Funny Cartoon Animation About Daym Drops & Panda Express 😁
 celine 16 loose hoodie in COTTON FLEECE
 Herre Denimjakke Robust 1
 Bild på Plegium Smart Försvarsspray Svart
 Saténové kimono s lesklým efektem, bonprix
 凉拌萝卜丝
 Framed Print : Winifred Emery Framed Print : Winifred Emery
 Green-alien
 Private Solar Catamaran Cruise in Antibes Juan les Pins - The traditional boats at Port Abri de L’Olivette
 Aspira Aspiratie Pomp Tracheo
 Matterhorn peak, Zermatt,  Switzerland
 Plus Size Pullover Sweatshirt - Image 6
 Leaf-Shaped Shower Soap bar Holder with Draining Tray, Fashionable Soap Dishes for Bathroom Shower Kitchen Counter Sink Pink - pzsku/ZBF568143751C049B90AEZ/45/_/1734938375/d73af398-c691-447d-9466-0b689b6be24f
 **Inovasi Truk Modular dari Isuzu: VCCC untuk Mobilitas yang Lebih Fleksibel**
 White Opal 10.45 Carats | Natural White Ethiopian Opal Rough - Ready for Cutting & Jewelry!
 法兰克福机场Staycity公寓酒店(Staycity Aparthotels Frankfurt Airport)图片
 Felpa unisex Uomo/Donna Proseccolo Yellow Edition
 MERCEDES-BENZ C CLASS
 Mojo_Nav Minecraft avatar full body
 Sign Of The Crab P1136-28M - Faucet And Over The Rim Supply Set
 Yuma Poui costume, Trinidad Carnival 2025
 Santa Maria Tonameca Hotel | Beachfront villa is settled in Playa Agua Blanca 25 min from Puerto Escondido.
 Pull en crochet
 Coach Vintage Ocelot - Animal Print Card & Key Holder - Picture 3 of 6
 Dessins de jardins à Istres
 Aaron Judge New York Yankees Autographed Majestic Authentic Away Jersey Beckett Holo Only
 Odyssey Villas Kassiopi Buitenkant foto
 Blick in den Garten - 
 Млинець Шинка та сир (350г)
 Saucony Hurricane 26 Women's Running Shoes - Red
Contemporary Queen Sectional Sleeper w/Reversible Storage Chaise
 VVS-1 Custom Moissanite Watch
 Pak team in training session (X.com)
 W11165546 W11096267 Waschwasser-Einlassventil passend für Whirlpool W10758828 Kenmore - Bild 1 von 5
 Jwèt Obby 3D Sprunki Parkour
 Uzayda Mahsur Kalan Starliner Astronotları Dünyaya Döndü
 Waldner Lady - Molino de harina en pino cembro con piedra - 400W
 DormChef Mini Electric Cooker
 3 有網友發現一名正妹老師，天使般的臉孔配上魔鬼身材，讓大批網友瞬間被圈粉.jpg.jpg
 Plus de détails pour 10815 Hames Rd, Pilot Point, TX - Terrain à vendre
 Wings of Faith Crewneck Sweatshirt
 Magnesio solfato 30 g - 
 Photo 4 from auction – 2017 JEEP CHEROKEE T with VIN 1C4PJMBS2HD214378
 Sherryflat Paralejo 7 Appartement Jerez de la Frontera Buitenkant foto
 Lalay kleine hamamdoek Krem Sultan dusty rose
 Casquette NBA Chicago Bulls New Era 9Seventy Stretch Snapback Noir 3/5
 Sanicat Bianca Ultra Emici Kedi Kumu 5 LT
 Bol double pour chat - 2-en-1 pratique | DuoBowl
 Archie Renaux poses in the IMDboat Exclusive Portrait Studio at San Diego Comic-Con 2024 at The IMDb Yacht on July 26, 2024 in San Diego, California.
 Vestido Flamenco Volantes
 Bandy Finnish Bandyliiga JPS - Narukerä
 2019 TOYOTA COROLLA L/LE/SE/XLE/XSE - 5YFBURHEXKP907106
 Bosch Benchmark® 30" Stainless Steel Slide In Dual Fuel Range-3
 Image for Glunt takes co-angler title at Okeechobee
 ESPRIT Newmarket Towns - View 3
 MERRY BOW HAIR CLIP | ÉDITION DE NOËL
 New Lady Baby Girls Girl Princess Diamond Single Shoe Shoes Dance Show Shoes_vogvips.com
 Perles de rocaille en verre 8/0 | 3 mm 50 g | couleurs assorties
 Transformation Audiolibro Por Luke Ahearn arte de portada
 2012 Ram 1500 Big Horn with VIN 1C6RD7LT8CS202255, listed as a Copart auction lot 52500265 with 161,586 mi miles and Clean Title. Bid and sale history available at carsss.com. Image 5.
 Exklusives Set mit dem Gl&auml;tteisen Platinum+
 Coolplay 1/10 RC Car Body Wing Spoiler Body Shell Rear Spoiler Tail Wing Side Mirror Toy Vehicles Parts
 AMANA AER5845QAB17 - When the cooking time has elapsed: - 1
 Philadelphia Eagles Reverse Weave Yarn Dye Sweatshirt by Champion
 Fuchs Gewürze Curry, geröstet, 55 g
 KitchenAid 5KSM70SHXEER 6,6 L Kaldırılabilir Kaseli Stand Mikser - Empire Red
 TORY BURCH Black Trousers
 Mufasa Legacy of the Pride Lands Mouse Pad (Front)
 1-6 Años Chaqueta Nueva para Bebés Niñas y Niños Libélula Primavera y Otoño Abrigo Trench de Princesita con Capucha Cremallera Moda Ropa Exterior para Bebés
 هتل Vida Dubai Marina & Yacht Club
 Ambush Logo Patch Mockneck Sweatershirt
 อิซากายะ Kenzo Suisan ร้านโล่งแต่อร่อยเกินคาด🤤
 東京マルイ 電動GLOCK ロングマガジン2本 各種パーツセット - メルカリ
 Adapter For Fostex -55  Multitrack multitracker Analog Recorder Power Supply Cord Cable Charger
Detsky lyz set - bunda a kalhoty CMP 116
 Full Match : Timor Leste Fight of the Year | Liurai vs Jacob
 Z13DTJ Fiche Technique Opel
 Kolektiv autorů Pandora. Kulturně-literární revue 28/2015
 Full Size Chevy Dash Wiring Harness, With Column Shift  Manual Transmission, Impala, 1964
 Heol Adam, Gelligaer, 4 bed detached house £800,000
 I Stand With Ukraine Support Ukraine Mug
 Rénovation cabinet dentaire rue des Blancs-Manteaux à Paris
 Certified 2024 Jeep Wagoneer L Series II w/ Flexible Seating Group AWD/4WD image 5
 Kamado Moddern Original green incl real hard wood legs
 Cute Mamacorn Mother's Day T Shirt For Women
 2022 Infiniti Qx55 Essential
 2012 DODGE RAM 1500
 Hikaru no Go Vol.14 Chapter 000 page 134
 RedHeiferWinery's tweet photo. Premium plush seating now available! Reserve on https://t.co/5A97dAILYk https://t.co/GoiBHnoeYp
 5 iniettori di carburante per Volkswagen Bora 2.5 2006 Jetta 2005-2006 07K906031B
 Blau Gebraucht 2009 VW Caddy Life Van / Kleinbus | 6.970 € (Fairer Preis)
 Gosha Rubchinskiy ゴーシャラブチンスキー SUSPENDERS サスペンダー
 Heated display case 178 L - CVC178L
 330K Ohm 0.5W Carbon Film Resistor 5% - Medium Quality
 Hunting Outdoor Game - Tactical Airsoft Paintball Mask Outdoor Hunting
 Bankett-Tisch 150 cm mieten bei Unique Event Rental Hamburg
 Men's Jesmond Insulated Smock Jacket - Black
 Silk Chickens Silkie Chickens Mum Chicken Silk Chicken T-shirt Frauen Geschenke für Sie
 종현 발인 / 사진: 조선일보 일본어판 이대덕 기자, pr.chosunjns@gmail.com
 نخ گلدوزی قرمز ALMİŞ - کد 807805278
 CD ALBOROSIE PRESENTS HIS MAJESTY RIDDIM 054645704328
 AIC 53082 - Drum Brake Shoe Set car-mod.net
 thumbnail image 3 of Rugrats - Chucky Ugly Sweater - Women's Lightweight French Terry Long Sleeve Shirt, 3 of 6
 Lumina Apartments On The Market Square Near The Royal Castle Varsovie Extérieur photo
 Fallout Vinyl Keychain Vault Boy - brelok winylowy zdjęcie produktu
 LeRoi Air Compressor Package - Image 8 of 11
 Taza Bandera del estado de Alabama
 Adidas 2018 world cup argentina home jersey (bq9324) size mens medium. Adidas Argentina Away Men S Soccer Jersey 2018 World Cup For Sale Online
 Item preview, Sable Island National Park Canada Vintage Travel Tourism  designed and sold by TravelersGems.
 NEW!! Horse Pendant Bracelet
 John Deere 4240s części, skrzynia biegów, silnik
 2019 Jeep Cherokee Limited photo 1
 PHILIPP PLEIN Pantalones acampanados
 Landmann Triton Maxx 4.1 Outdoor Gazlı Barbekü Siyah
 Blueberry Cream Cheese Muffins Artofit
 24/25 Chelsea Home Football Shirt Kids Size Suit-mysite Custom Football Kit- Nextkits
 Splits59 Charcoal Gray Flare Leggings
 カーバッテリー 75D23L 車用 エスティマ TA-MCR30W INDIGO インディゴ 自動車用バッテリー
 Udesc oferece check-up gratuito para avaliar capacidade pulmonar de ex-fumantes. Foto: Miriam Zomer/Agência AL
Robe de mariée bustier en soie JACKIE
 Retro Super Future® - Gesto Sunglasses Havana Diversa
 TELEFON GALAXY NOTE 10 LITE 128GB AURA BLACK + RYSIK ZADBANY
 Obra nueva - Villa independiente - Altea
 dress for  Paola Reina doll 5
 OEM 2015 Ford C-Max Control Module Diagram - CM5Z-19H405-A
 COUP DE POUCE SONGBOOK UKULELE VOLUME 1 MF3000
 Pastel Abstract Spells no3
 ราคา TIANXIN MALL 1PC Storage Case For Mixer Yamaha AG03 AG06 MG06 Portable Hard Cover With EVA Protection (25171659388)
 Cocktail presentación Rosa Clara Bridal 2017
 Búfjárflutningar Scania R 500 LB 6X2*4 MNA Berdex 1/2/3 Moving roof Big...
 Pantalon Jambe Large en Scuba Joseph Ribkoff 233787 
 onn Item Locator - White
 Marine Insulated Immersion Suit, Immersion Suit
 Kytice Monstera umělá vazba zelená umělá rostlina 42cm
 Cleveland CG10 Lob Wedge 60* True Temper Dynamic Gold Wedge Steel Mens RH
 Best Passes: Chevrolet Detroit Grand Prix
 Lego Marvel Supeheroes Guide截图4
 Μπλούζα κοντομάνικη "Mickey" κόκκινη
- - -
What you return must be the lines above that run from the line with "Dual Fuel Range-3" to the line with "Full Size Chevy", inclusive, each copied exactly.

### Exercise result
 Bosch Benchmark® 30" Stainless Steel Slide In Dual Fuel Range-3
 Image for Glunt takes co-angler title at Okeechobee
 ESPRIT Newmarket Towns - View 3
 MERRY BOW HAIR CLIP | ÉDITION DE NOËL
 New Lady Baby Girls Girl Princess Diamond Single Shoe Shoes Dance Show Shoes_vogvips.com
 Perles de rocaille en verre 8/0 | 3 mm 50 g | couleurs assorties
 Transformation Audiolibro Por Luke Ahearn arte de portada
 2012 Ram 1500 Big Horn with VIN 1C6RD7LT8CS202255, listed as a Copart auction lot 52500265 with 161,586 mi miles and Clean Title. Bid and sale history available at carsss.com. Image 5.
 Exklusives Set mit dem Gl&auml;tteisen Platinum+
 Coolplay 1/10 RC Car Body Wing Spoiler Body Shell Rear Spoiler Tail Wing Side Mirror Toy Vehicles Parts
 AMANA AER5845QAB17 - When the cooking time has elapsed: - 1
 Philadelphia Eagles Reverse Weave Yarn Dye Sweatshirt by Champion
 Fuchs Gewürze Curry, geröstet, 55 g
 KitchenAid 5KSM70SHXEER 6,6 L Kaldırılabilir Kaseli Stand Mikser - Empire Red
 TORY BURCH Black Trousers
 Mufasa Legacy of the Pride Lands Mouse Pad (Front)
 1-6 Años Chaqueta Nueva para Bebés Niñas y Niños Libélula Primavera y Otoño Abrigo Trench de Princesita con Capucha Cremallera Moda Ropa Exterior para Bebés
 هتل Vida Dubai Marina & Yacht Club
 Ambush Logo Patch Mockneck Sweatershirt
 อิซากายะ Kenzo Suisan ร้านโล่งแต่อร่อยเกินคาด🤤
 東京マルイ 電動GLOCK ロングマガジン2本 各種パーツセット - メルカリ
 Adapter For Fostex -55  Multitrack multitracker Analog Recorder Power Supply Cord Cable Charger
Detsky lyz set - bunda a kalhoty CMP 116
 Full Match : Timor Leste Fight of the Year | Liurai vs Jacob
 Z13DTJ Fiche Technique Opel
 Kolektiv autorů Pandora. Kulturně-literární revue 28/2015
 Full Size Chevy Dash Wiring Harness, With Column Shift  Manual Transmission, Impala, 1964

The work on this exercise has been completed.